Confluence Page Properties Report Multiple Rows ((link)) ◆ ❲High-Quality❳
Normally, if you have 10 child pages, the report shows 10 rows. However, you might have a single page that contains: A list of risks (Risk A, Risk B, Risk C). A set of user stories. Multiple deliverables with different statuses.
But here’s the catch: The report usually shows (each page’s properties in one row). Jordan needed multiple rows per page because some services had multiple critical environment variables, each requiring its own row for test tracking.
In these cases, using a Page Properties macro would force you to flatten your data. You would have to create separate pages for each risk or expense, or dump all the data into a single text field, making it impossible to sort or filter effectively.
The fundamental issue stems from a design choice in Atlassian's macro architecture: Each page in your report corresponds to a single Page Properties macro instance. If you place multiple tables or rows within a single Page Properties macro, the report will only capture the first one. confluence page properties report multiple rows
On each page that should become a in the report:
You place this macro on a child page. Inside it, you create a two-column table. The left column contains your keys (e.g., Status , Owner ), and the right column contains the values (e.g., In Progress , John Doe ).
Enter your property names on the left and values on the right.
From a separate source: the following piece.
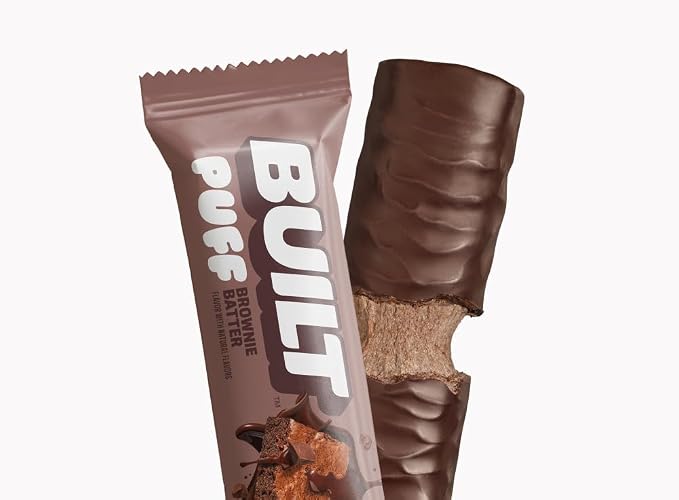 BUILT Puff Protein Bars, Brownie Batter, 17g Protein - 12 Count | Protein Snack Bar with Collagen, Calorie Conscious, Gluten Free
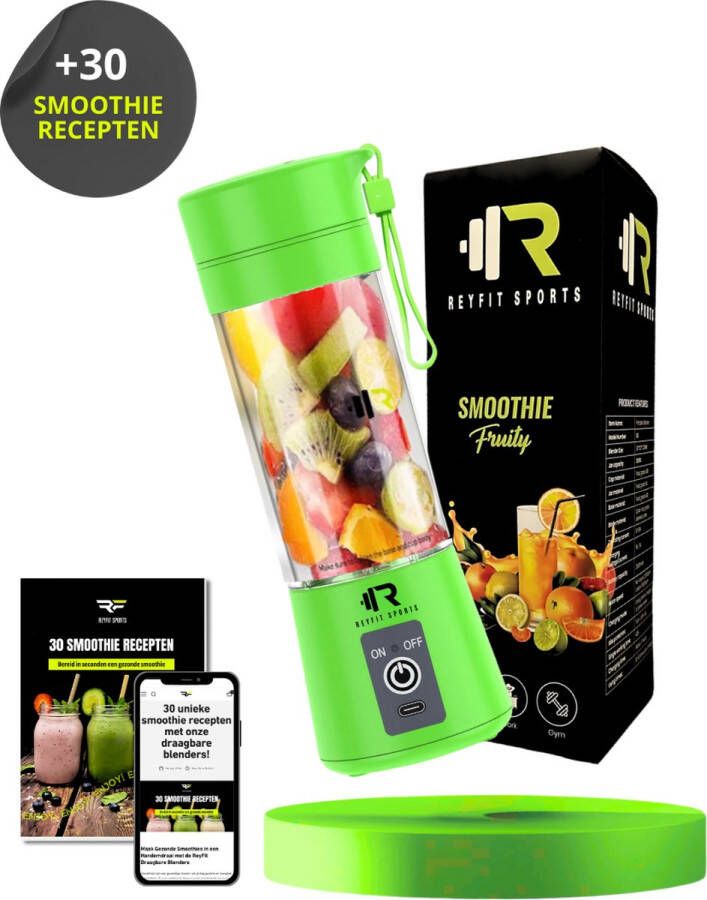 ReyFit Sports Draagbare Blender – Blender To Go– Portable Blender Smoothie maker Protein Shaker Draadloos Groen Green Moederdag cadeautje - Foto 3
Option 3: Third-Party Apps (Advanced) Normally, if you have 10 child pages, the
: Inside each macro, insert a two-column table where the left column is the "Header" (key) and the right is the "Value" (data). 2. Configure the Report Macro
This comprehensive guide covers how the Page Properties Report works, why it defaults to one row, and the exact workarounds you can use to display multiple rows of data seamlessly. Understanding the Core Limitation
On your overview page, insert the macro to pull the table from the child page. Multiple deliverables with different statuses
The standard Page Properties Report is an exercise in reductionism. It takes the complex, messy narrative of a wiki page—a tapestry of prose, images, and threaded comments—and flattens it into a single row. One page, one row. This is the "Sovereign Row."
The struggle with multiple rows is a struggle against the medium.
SELECT p.title AS service, cp.var_name, cp.var_value FROM pages p, child_properties cp WHERE p.id = cp.page_id AND cp.property_set = 'env-vars'
But creating 45 pages (3 env vars × 15 services) was overkill. Instead, Alex found a cleaner method:
: If you want to pull only specific rows into different reports, give each macro a unique Property ID in the macro settings.